Print the list of content on the project directory.

$ ls /home/user/project

There must be a socket file with the name of your project i.e., project.sock, if it is not there then restart the gunicorn.

$ sudo systemctl daemon-reload
$ sudo systemctl restart gunicorn

Check for socket file again, if the problem persist, check the status of gunicorn

$ sudo systemctl status gunicorn

If gunicorn is not running then check the error log with:

$ sudo journalctl -u gunicorn

These type of errors occur because of:
* the wrong path provided in the gunicorn service file,
* user does not have permission to access the project directory
* gunicorn is not installed correctly

After changing the gunicorn system file, always run the below command and check for socket file:

$ sudo systemctl daemon-reload
$ sudo systemctl restart gunicorn

Configure Nginx to serve django app

First create a server block for our django app

$ sudo nano /etc/nginx/sites-available/project

In the server block paste the following code and change it according to your project:

server {
listen 80;
server_name example.com www.example.com; #replace with your domain

location =  /favicon.ico { access_log off; log_not_found off; }

location /static/ { #if you are using amazon s3, then skip this block
root /home/user/project;
}

location / {
include proxy_params;
proxy_pass http://unix:/home/user/project/project.sock; #path to your socket file
}
}

Now enable the file by linking it to sites-enabled directory:

$ sudo ln -s /etc/nginx/sites-available/project /etc/nginx/sites-enabled

Test the nginx configuration:

$ sudo nginx -t

If test failed then check the socket path and make sure socket file is there and check the nginx error log:

$ sudo tail -F /var/log/nginx/error.log

Make corrections and test again until test is passed.

If test is passed then restart the nginx:

$ sudo systemctl restart nginx

Go to your domain i.e. example.com and you will see your site up and running.

Set up LEMP

Install mysql server

$ sudo apt-get install mysql-server

and then complete the mysql set up with

$ sudo mysql_secure_installation

Follow the instruction and you are done.

Install php

$ sudo apt-get install php-fpm php-mysql php-curl php-gd php-mbstring php-mcrypt php-xml php-xmlrpc nginx

There is a flaw in php that will allow attackers to exploit php site.

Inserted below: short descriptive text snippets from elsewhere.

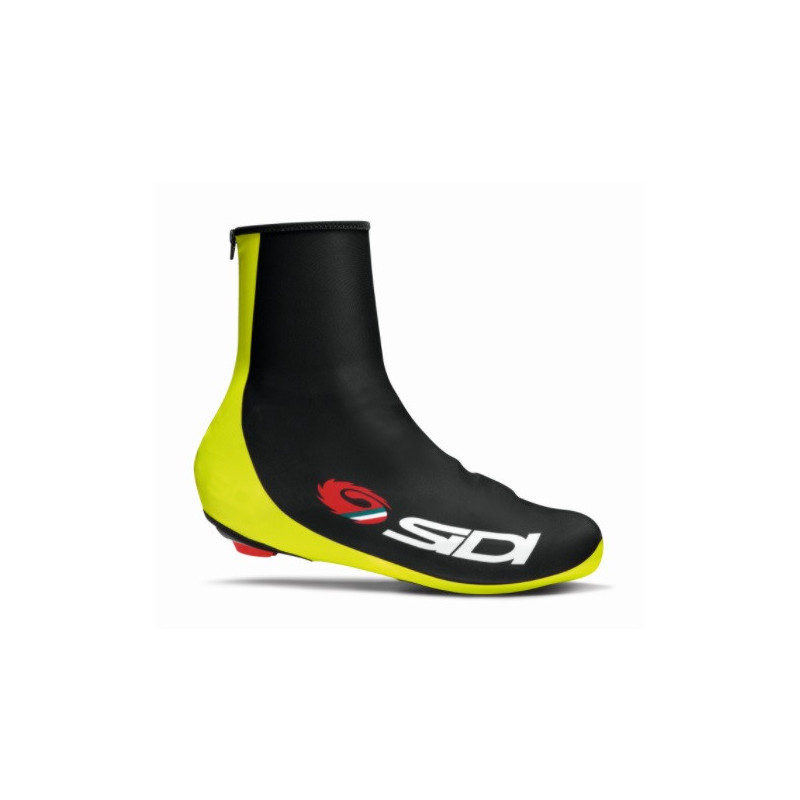 Copriscarpe Sidi Chrono Plus Nero/Giallo Fluo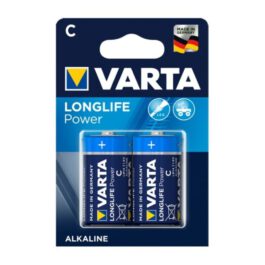 VARTA LONGLIFE POWER ALKALIBATTERIE C LR14 2 EINHEIT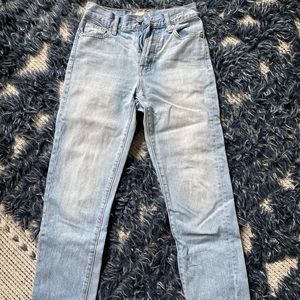 Madewell perfect summer jeans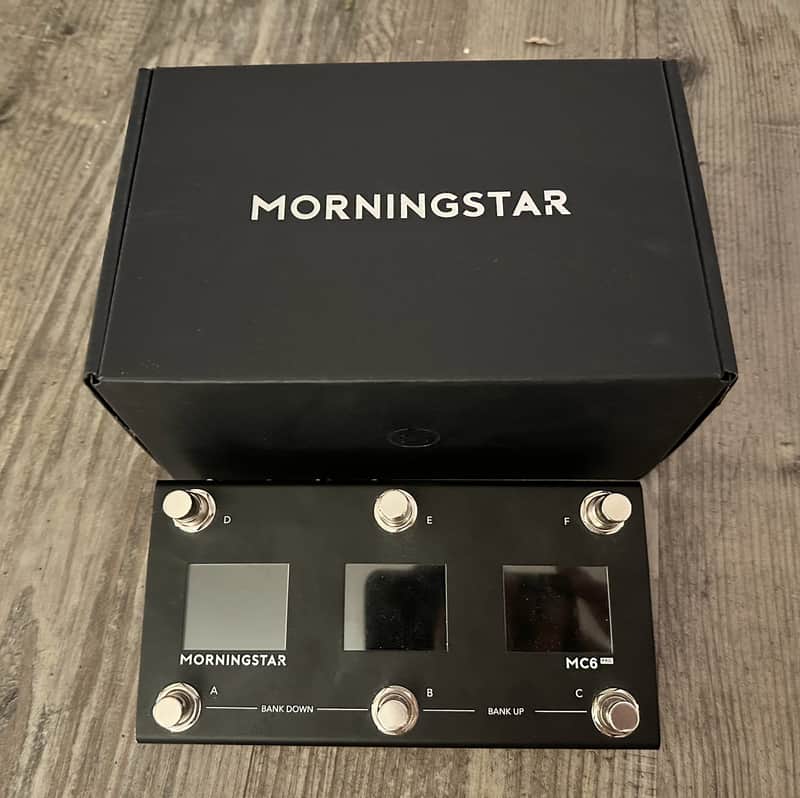 Morningstar Engineering MC6 Pro 2023 - Present - Black image 1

So, to fix this, open php configuration file:

$ sudo nano /etc/php/7.0/fpm/php.ini

and add

cgi.fix_pathinfo=0

at the end of the file.

Now, restart the php processor:

$ sudo systemctl restart php7.0-fpm

Configure Nginx to use php

Open the default server block configuration file:

$ sudo nano /etc/nginx/sites-available/default

and replace the code with the following one:

server {
listen 80 default_server;
listen [::]:80 default_server;

root /var/www/html; #directory path where your php files must be located
index index.php index.html index.htm index.nginx-debian.html;

server_name php.example.com; #your domain or sub-domain or server's ip address

location / {
try_files $uri $uri/ =404;
}

location ~ \.php$ {
include snippets/fastcgi-php.conf;
fastcgi_pass unix:/run/php/php7.0-fpm.sock;
}

location ~ /\.ht {
deny all;
}
}

Test the server block configuration file:

$ sudo nginx -t

If test failed then recheck your file and re-run the test.

If test is passed, then restart the nginx:

$ sudo systemctl reload nginx

Test the LEMP installation

Go to /var/www/html

$ cd /var/www/html

Create the file index.php

$ sudo nano index.php

Paste the following code in it:

<?php
phpinfo();

Go to php.example.com or whatever domain you have set. You must see information about your server and php installation. After checking the site, remove the file, it is not safe to show server information.